So does that mean max_position_embedding is reduced for fine-tuned models (gigaword, wikihow). i.e if the max_position_embedding for the pre-trained model is 1024 then all fine-tuned models should also have same, right ?
For some of the saved state_dicts on S3, I simply removed the embed_positions.weight to allow passing max_position_embeddings=ANY_INT to from_pretrained allocate more at init. Let me know if you try that and it fails and I can delete the embed_positions.weight as needed.
Two questions: (1) does anyone have good examples of the google/pegasus models being used for summarization using the Automodal and Autotokenizer classes?
(2) Using the google/pegasus models, how do you set the minimum and/or maximum length for the generated summary?
import torch
from transformers import PegasusForConditionalGeneration, PegasusTokenizer
src_text = [
""" PG&E stated it scheduled the blackouts in response to forecasts for high winds amid dry conditions. The aim is to reduce the risk of wildfires. Nearly 800 thousand customers were scheduled to be affected by the shutoffs which were expected to last through at least midday tomorrow."""
]
model_name = 'google/pegasus-xsum'
torch_device = 'cuda' if torch.cuda.is_available() else 'cpu'
tokenizer = PegasusTokenizer.from_pretrained(model_name)
model = PegasusForConditionalGeneration.from_pretrained(model_name).to(torch_device)
batch = tokenizer.prepare_seq2seq_batch(src_text, truncation=True, padding='longest').to(torch_device)
translated = model.generate(**batch)
tgt_text = tokenizer.batch_decode(translated, skip_special_tokens=True)
assert tgt_text[0] == "California's largest electricity provider has turned off power to tens of thousands of customers."
For all seq2seq/ForConditionalGeneration models, you can control generated summary lengths with the min_length and max_length keyword arguments to the generate function.

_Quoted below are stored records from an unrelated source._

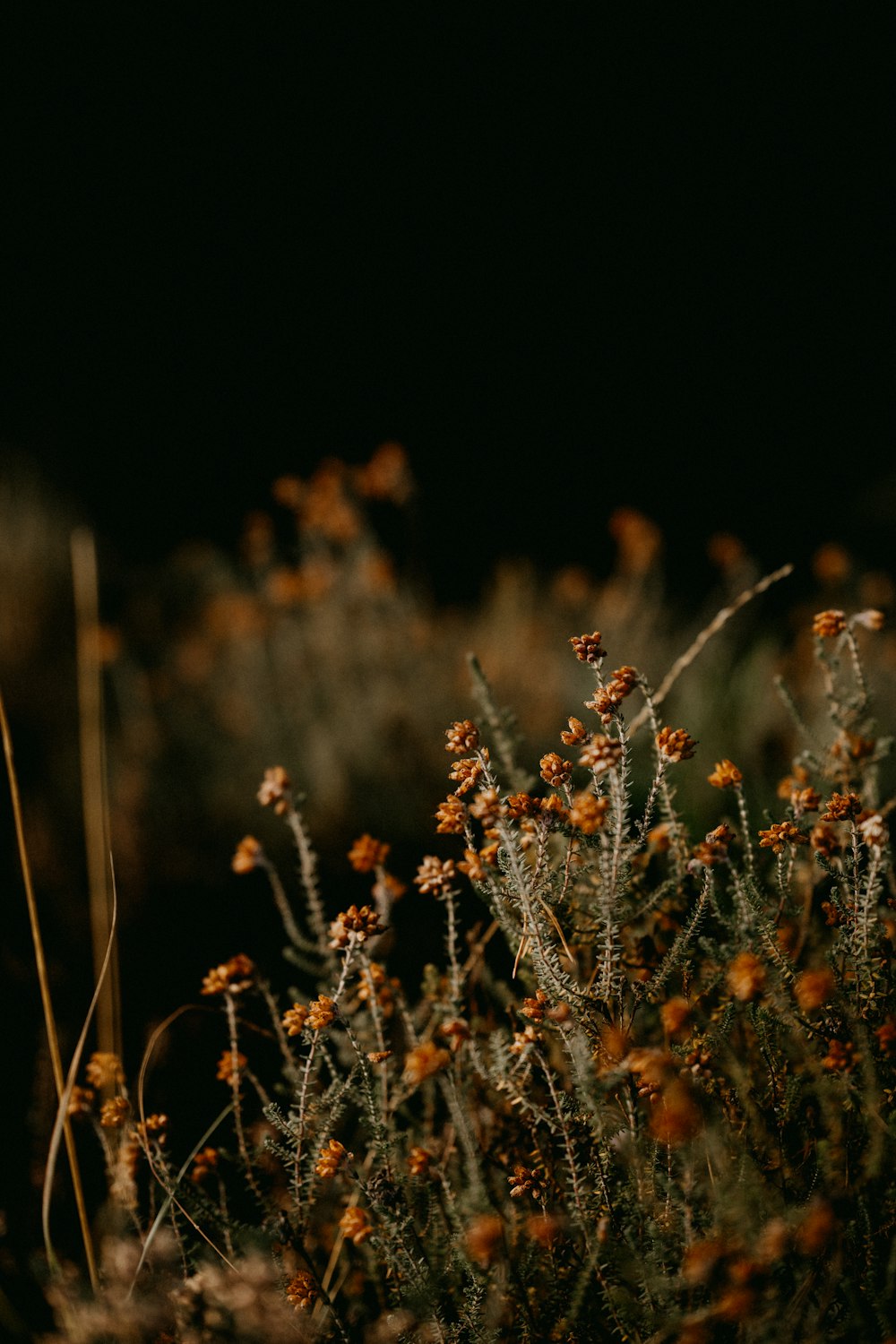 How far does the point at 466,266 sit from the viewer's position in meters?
4.91

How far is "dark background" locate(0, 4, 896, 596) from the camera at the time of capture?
14.8 feet

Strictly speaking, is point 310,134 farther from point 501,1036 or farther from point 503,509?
point 501,1036

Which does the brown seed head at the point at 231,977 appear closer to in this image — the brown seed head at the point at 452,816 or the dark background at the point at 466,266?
the brown seed head at the point at 452,816

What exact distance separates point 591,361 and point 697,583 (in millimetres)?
1458

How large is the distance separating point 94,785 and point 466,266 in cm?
370

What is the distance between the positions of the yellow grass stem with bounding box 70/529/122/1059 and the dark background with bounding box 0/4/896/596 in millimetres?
763

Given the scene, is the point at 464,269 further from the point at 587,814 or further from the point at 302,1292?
the point at 302,1292

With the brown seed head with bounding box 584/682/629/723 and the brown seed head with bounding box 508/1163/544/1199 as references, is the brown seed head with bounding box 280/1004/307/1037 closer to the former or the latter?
the brown seed head with bounding box 508/1163/544/1199

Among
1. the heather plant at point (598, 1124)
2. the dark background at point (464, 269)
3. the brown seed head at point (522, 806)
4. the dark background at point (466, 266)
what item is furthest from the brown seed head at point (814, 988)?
the dark background at point (466, 266)

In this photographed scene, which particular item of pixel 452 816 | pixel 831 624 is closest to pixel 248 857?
pixel 452 816

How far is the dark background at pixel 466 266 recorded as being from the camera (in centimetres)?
451

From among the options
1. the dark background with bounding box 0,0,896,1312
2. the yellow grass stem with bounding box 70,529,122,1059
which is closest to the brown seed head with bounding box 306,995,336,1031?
the yellow grass stem with bounding box 70,529,122,1059

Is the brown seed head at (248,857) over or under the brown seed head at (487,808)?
over

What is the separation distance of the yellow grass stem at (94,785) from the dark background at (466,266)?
0.76 meters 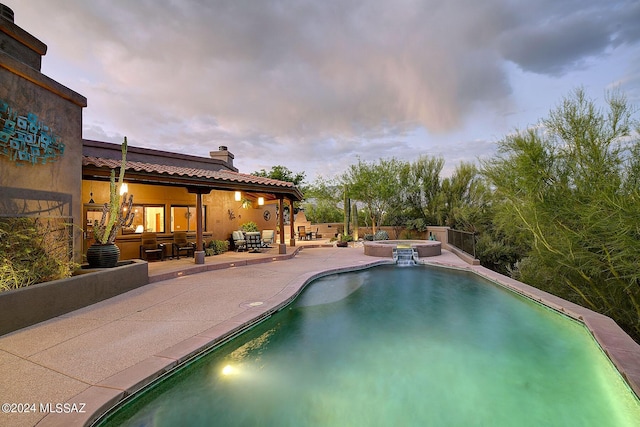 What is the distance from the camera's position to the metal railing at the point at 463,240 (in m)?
10.7

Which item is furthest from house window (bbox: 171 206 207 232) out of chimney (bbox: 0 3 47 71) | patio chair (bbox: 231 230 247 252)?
chimney (bbox: 0 3 47 71)

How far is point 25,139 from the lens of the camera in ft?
16.9

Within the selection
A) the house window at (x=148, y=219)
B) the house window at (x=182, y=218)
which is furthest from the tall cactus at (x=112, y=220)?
the house window at (x=182, y=218)

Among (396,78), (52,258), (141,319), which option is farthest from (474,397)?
(396,78)

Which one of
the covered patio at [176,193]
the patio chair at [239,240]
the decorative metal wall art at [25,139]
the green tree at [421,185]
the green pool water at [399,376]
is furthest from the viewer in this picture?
the green tree at [421,185]

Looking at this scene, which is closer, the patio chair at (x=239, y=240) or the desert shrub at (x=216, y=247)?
the desert shrub at (x=216, y=247)

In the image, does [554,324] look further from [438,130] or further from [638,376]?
[438,130]

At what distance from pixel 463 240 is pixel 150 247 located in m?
12.1

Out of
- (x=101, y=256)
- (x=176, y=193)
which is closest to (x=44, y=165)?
(x=101, y=256)

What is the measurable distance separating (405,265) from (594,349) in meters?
7.29

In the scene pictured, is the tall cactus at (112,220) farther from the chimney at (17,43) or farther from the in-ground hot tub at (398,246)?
the in-ground hot tub at (398,246)

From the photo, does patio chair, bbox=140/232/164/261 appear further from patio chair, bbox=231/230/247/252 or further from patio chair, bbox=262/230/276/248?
patio chair, bbox=262/230/276/248

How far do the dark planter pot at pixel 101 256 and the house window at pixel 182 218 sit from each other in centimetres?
521

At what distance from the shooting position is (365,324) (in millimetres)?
5355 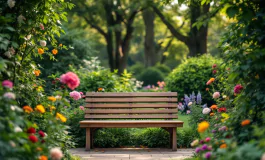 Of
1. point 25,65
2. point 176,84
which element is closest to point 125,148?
point 25,65

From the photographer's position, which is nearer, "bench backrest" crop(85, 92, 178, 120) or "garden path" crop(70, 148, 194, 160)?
"garden path" crop(70, 148, 194, 160)

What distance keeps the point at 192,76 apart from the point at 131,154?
570cm

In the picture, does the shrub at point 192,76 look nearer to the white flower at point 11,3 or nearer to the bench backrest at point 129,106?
the bench backrest at point 129,106

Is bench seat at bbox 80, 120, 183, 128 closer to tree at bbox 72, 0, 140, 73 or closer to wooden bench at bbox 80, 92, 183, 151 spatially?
wooden bench at bbox 80, 92, 183, 151

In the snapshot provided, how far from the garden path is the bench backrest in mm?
573

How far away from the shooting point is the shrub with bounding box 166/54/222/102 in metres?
10.8

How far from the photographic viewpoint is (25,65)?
4652 millimetres

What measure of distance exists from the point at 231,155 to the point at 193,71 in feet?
27.9

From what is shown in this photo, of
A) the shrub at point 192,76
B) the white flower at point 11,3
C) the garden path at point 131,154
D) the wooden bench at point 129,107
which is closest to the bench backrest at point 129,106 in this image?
the wooden bench at point 129,107

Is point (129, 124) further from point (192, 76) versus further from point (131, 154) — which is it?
point (192, 76)

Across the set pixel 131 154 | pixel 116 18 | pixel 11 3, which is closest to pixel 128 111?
pixel 131 154

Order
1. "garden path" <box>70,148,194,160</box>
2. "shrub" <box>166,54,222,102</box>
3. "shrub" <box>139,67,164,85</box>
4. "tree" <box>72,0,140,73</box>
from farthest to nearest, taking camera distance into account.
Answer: "shrub" <box>139,67,164,85</box>
"tree" <box>72,0,140,73</box>
"shrub" <box>166,54,222,102</box>
"garden path" <box>70,148,194,160</box>

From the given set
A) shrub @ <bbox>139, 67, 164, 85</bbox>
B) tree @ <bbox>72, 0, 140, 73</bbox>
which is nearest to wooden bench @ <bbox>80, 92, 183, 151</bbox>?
tree @ <bbox>72, 0, 140, 73</bbox>

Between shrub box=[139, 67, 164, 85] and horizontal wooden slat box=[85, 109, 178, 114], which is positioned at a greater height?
shrub box=[139, 67, 164, 85] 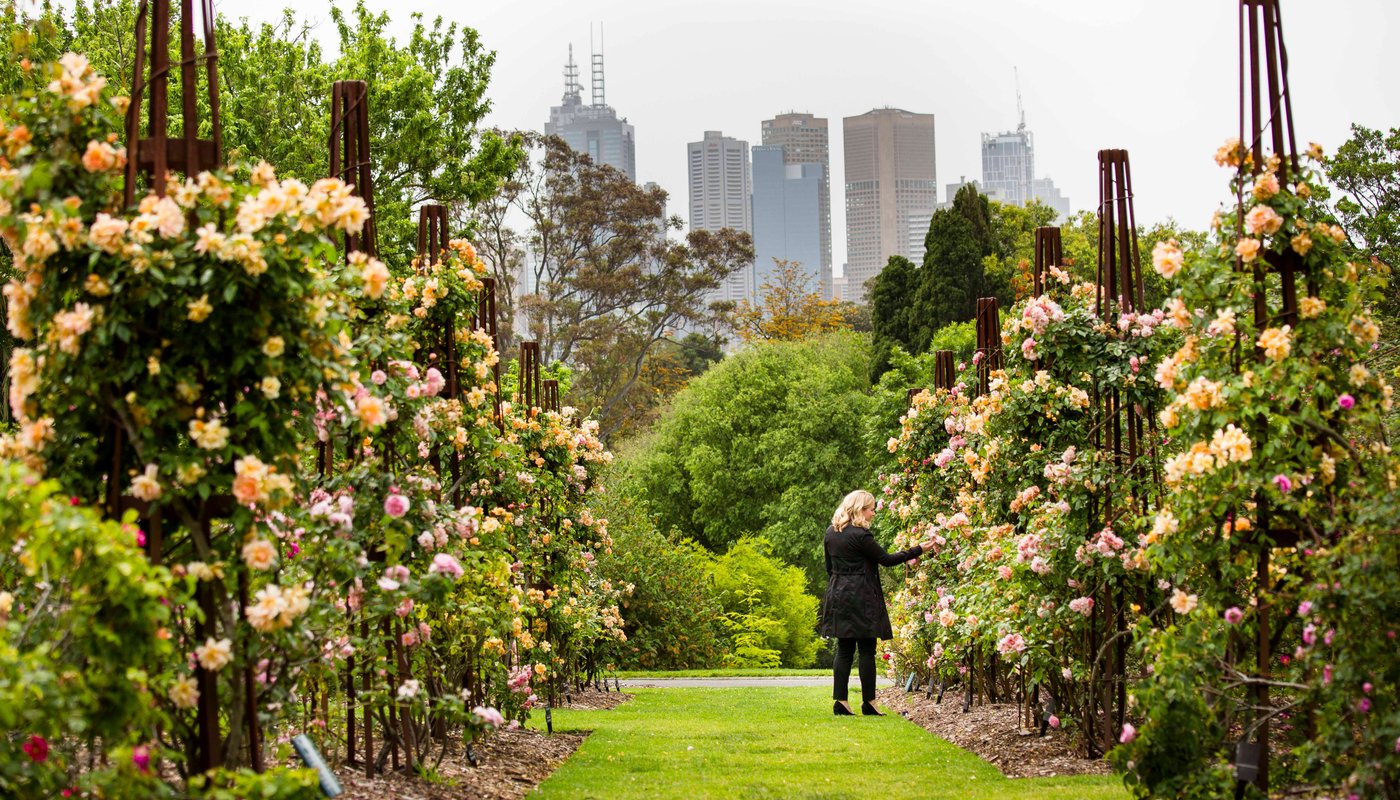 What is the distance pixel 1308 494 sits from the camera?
13.1 ft

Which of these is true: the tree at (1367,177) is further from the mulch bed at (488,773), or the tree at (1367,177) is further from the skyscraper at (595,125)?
the skyscraper at (595,125)

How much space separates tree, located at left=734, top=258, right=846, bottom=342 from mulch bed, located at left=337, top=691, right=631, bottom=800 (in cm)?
A: 2920

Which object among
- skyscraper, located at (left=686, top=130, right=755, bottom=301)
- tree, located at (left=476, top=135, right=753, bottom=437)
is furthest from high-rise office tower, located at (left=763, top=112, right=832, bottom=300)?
tree, located at (left=476, top=135, right=753, bottom=437)

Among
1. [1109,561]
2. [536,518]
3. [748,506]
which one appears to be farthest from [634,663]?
[1109,561]

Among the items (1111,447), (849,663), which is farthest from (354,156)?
(849,663)

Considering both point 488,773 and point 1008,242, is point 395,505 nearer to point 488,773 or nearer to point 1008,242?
point 488,773

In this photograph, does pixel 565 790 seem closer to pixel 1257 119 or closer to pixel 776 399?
pixel 1257 119

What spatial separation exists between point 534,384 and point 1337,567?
8.55 metres

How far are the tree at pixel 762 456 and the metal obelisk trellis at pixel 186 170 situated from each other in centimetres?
2241

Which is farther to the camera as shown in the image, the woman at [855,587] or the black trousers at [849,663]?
the black trousers at [849,663]

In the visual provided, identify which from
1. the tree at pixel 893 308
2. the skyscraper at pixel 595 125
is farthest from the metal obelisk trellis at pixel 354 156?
Result: the skyscraper at pixel 595 125

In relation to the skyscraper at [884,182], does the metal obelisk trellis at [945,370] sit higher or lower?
lower

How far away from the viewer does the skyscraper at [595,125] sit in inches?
3359

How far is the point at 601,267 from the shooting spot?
115 feet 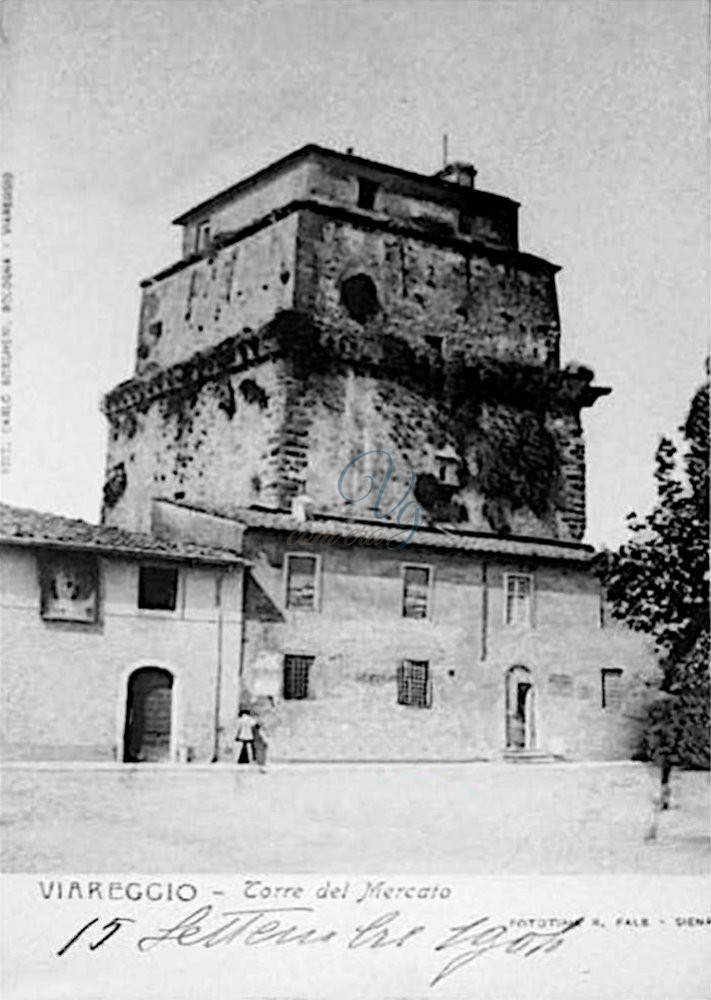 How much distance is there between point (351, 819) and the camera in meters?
2.25

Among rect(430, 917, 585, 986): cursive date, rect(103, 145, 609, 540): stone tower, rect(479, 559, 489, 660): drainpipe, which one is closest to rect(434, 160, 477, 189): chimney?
rect(103, 145, 609, 540): stone tower

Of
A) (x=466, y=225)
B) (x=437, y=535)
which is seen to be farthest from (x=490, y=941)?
(x=466, y=225)

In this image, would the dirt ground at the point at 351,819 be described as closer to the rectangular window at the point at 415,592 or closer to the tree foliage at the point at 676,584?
the tree foliage at the point at 676,584

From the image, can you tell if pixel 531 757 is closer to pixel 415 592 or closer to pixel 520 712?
pixel 520 712

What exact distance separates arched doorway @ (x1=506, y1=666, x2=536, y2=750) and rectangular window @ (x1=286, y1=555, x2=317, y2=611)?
0.42m

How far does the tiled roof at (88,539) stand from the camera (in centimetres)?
221

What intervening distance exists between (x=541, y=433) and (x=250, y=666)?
0.78m

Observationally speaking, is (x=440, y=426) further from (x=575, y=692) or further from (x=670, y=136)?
(x=670, y=136)

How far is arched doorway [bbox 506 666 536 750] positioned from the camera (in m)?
2.38

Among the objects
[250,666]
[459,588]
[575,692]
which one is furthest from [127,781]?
[575,692]

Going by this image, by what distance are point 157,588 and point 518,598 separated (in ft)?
2.37

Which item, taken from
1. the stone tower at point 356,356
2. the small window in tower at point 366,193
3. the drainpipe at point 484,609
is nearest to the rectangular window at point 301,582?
the stone tower at point 356,356

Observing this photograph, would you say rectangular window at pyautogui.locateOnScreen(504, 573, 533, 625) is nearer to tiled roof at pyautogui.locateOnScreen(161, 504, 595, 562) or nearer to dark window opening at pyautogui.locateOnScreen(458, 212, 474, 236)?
tiled roof at pyautogui.locateOnScreen(161, 504, 595, 562)

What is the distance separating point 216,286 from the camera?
2.49 m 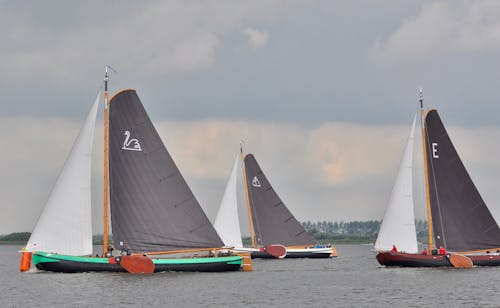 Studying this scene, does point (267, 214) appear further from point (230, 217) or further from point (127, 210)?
point (127, 210)

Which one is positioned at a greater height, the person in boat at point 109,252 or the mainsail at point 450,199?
the mainsail at point 450,199

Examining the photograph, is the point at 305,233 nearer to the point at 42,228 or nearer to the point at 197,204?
the point at 197,204

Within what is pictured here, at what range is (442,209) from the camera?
3219 inches

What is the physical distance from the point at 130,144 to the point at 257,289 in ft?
44.1

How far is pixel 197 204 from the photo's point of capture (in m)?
71.6

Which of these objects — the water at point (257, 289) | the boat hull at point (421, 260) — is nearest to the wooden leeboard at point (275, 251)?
the water at point (257, 289)

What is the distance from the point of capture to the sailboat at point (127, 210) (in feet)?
222

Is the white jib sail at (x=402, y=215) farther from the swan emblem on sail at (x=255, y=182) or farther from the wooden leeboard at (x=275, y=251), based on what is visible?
the swan emblem on sail at (x=255, y=182)

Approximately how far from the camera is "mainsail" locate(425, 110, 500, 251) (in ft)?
268

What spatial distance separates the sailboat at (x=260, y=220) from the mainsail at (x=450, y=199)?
30.0 m

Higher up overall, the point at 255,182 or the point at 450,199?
the point at 255,182

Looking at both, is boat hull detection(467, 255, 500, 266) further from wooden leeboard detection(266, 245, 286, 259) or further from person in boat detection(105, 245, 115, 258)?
wooden leeboard detection(266, 245, 286, 259)

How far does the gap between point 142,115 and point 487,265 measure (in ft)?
103

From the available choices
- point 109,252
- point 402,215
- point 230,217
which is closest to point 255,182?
point 230,217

If you don’t pass them, the (good) defaults from config will be used. The defaults from config were set by the authors to get a good validation rouge on the finetuning dataset.
This would present a problem for position embeddings which would never be updated for longer input lengths, but we confirm the postulation that sinusoidal positional encodings (Vaswani et al., 2017) generalize well when fine-tuning PEGASUSLARGE beyond the input lengths observed in training up to Linput = 1024 tokens.
So you can use longer input than training, but you have to observe if model still generalize with longer input.
So if we want to use longer input we’ll need to resize the embeddings (as these are static) and these newly added embeddings will be randomly initialised and need to be trained.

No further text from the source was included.